An Overview of Biomedical Imaging

Abstract

Biomedical imaging is critically important for life science and health care. In this rapidly developing field, mathematics is one of the most powerful tools for developing image reconstruction as well as image processing theory and methods. Many of the innovations in biomedical imaging are fundamentally related to the mathematical sciences. With improvements of traditional imaging systems and emergence of novel imaging modalities such as molecular imaging towards molecular medicine, imaging equations that link measurements to original images become increasingly more complex to reflect the reality up to an ever-improving accuracy. Mathematics becomes increasingly useful and leads to a new array of interdisciplinary and challenging research opportunities. The future biomedical imaging will include advanced mathematical methods as major features.

Keywords

Biomedical imaging, Image reconstruction, Molecular imaging.

Introduction

It is a current trend that more mathematicians become engaged in biomedical imaging at all levels, from image reconstruction to image processing, and up to image understanding and various high-level applications. This special issue addresses the role of mathematics in biomedical imaging. The themes include theoretical analysis, algorithm design, system modeling and assessment, as well as various biomedical imaging applications. From 10 submissions, 7 papers are published in this special issue. Each paper was reviewed by at least two reviewers and revised according to review comments. The papers cover the following imaging modalities: X-ray computed tomography (CT), positron emission tomography (PET), magnetic resonance imaging (MRI), diffusion tensor imaging (DTI), electrical impedance tomography (EIT), and elasticity imaging using ultrasound.

The field of X-ray imaging has been expanding rapidly since historical discovery in 1895. X-ray CT, as the first noninvasive tomographic method, has revolutionized imaging technologies in general, which was also the first successful application of mathematics in biomedical imaging. The mathematics is the theory of Radon transform invented by Radon in 1917. Further research may rejuvenate this classic topic to meet modern imaging challenges such as scattering effects. In Truong et al.’s paper, the authors presented two further generalizations of the Radon transform, namely, two classes of conical Radon transforms which originate from imaging processes using Compton scattered radiation. The first class, called C1-conical Radon transform, is related to an imaging principle with a collimated gamma camera whereas the second class, called C2-conical Radon transform, contains a special subclass which models the Compton camera imaging process. They demonstrated that the inversion of C2-conical Radon transform can be achieved under a special condition.

Earlier work on total variation (TV) regularization for color (vector valued) images are naturally extended to DTI, which is composed of a symmetric positive definite (SPD) matrix at each pixel. In the last decade, a new magnetic resonance modality, DTI, has caught a lot of interest.

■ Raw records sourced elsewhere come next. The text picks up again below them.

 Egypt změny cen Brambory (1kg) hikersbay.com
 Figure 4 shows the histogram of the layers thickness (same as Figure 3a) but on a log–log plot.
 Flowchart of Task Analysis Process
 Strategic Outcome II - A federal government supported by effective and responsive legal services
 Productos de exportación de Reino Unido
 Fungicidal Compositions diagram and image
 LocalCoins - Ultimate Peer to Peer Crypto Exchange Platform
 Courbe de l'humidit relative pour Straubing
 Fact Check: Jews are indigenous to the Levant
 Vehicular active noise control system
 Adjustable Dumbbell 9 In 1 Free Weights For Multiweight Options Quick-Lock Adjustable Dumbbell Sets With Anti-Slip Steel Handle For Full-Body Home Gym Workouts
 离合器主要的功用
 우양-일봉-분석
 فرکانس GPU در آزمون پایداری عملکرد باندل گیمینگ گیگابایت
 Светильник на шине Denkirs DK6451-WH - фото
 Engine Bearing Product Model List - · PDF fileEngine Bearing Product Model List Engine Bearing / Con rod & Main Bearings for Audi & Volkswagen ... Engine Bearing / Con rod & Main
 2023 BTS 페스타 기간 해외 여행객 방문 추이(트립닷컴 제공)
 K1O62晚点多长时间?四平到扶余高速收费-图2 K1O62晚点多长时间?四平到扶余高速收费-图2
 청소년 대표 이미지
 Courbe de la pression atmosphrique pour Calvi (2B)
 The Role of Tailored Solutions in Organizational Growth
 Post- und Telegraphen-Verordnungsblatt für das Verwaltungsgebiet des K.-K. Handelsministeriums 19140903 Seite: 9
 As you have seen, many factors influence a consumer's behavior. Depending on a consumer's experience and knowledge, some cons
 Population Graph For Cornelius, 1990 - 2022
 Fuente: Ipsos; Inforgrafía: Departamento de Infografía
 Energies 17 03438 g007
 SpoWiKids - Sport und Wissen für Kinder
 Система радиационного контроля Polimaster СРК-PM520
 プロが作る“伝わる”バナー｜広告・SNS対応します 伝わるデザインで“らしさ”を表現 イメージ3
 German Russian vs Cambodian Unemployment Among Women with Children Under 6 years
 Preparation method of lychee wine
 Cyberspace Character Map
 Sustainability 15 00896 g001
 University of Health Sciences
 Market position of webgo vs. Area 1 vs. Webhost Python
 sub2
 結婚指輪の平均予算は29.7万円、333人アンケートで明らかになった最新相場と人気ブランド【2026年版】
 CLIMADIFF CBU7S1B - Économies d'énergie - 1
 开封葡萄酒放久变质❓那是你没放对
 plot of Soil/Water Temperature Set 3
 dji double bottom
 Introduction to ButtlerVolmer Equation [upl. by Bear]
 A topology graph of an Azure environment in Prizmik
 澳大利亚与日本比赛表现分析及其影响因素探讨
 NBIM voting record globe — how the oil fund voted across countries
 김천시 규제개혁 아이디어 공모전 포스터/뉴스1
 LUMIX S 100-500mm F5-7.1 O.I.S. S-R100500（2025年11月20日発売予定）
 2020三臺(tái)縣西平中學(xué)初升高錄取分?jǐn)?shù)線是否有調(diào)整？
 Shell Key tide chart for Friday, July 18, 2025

DTI can reveal anatomical structure information. In this special issue, there are two papers on this imaging technique. In Christiansen et al.’s paper, this type of tensorvalued images is de noised using TV regularization. Recently, partial differential equation- (PDE-) based image processing methods have been very successful in many applications due to its intrinsic geometric nature. TV regularization, which can effectively remove noise while keeping sharp features, is one of the most important techniques for PDE-based image processing methods.